Probability always lies between:

0 and 1

Probability 0

The event is impossible.

Example:
Getting number 7 on a normal dice.

Probability 1

The event is certain.

Example:
Getting a number between 1 and 6 when rolling a normal dice.


Importance of Probability in AI

Probability helps AI systems:

  • Make predictions
  • Handle uncertainty
  • Estimate possibilities
  • Improve decision-making

Examples:

  • Weather prediction
  • Spam detection
  • Recommendation systems

Difference Between Statistics and Probability

StatisticsProbability
Studies collected dataStudies possible outcomes
Analyzes existing informationPredicts future possibilities
Uses data patternsMeasures uncertainty

Important Exam Questions

Q1. What is AI Ethics?

AI Ethics refers to principles that ensure AI systems are developed and used responsibly.


Q2. What is AI Bias?

AI Bias occurs when an AI system produces unfair results due to problems in data or design.

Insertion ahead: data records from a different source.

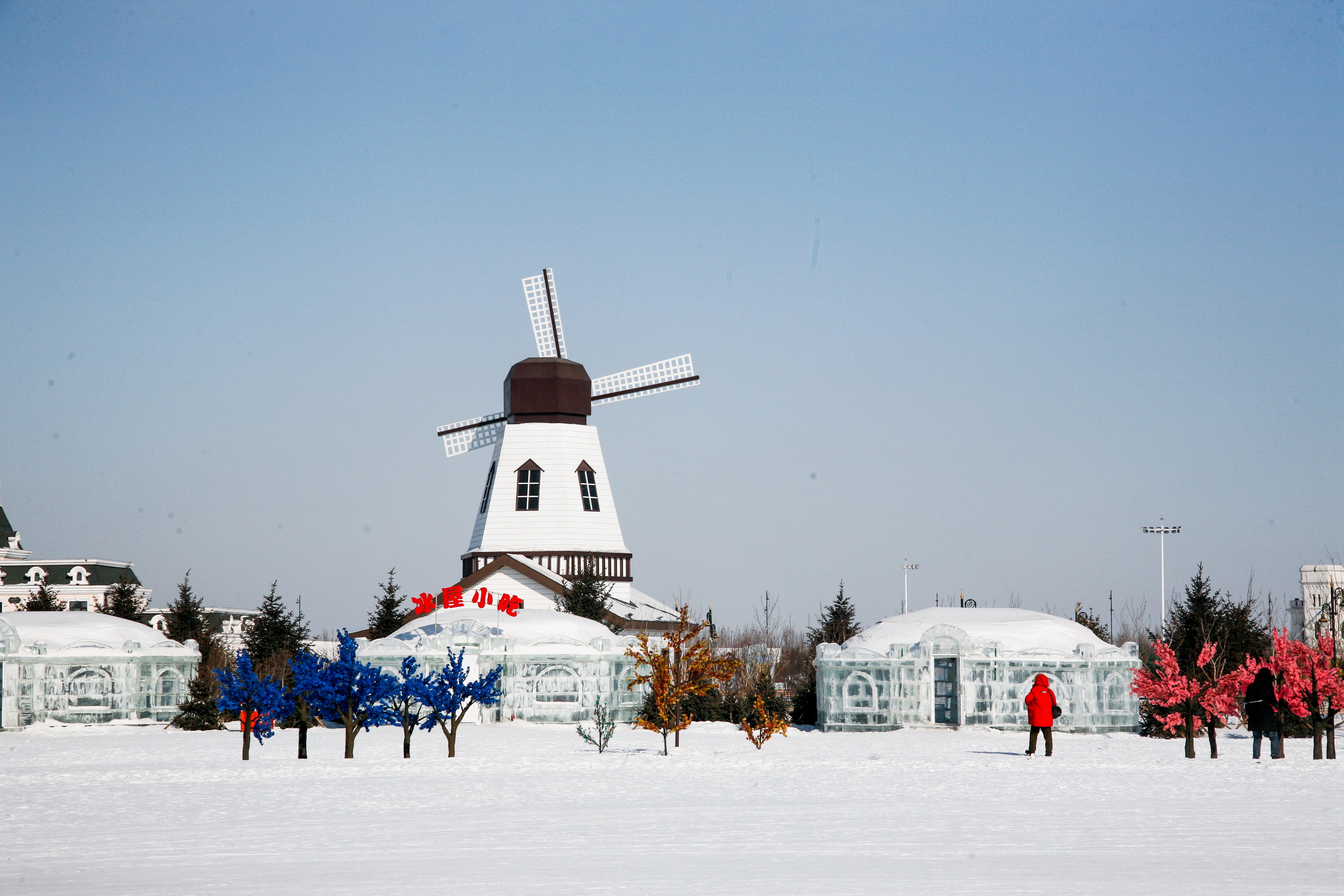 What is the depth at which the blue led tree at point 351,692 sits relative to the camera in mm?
23688

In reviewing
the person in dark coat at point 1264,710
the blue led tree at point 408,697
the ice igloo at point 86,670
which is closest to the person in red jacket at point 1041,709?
the person in dark coat at point 1264,710

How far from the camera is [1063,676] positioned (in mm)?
32344

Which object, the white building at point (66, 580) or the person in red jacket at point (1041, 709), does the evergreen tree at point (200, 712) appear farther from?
the white building at point (66, 580)

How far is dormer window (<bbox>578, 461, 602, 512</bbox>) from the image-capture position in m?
51.8

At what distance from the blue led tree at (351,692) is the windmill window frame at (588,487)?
2763 cm

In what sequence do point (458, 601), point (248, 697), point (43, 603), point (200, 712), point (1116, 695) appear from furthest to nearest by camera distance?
point (43, 603) < point (458, 601) < point (200, 712) < point (1116, 695) < point (248, 697)

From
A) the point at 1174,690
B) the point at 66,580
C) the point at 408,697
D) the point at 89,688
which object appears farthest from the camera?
the point at 66,580

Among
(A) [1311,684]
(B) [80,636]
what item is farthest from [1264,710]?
(B) [80,636]

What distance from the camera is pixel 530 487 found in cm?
5166

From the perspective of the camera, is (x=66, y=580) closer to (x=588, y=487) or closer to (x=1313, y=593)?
(x=588, y=487)

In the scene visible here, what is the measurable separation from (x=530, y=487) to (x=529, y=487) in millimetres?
44

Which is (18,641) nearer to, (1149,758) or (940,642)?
(940,642)

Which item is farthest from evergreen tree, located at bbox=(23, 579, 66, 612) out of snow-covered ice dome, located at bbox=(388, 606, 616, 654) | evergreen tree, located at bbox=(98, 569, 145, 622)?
snow-covered ice dome, located at bbox=(388, 606, 616, 654)

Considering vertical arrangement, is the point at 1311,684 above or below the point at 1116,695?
above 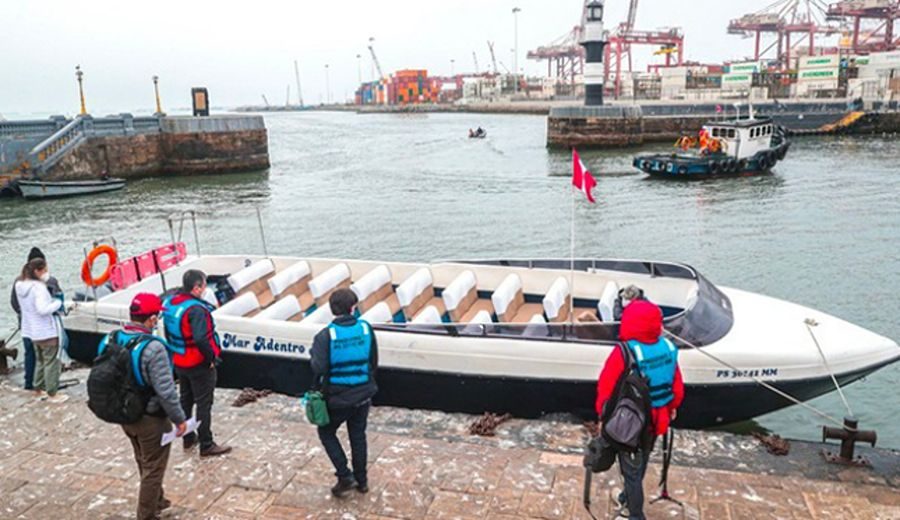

Q3. Why is data important in AI?

Data helps AI systems learn patterns, make predictions, and improve performance.


Q4. Define mean.

Mean is the average value obtained by dividing the sum of all values by the number of values.


Q5. What is probability?

Probability measures the possibility of an event occurring.


MCQs

1. Protecting personal information is related to:

A) Privacy
B) Bias
C) Modelling
D) Coding

Answer: A) Privacy


2. The average of values is called:

A) Mode
B) Median
C) Mean
D) Range

Answer: C) Mean


3. Data represented using charts and graphs is called:

A) Data Collection
B) Data Visualization
C) Data Storage
D) Data Entry

Answer: B) Data Visualization


4. Probability value can be between:

A) 1 and 10
B) 0 and 1
C) 10 and 100
D) -10 and 10

Answer: B) 0 and 1


Quick Revision Points

  • AI Ethics ensures responsible AI usage.
  • Fairness, privacy, transparency, and accountability are important AI ethics principles.
  • Data is the foundation of AI systems.
  • Data visualization makes information easier to understand.
  • Mean, median, mode, and range are basic statistical tools.
  • Probability helps AI handle uncertainty and make predictions.

Summary

AI Ethics, Data Literacy, and Statistics are important parts of Artificial Intelligence learning. Ethical AI ensures fairness and safety, while data literacy helps students understand how AI uses information. Statistics and probability provide the mathematical foundation required for analyzing data and making intelligent predictions.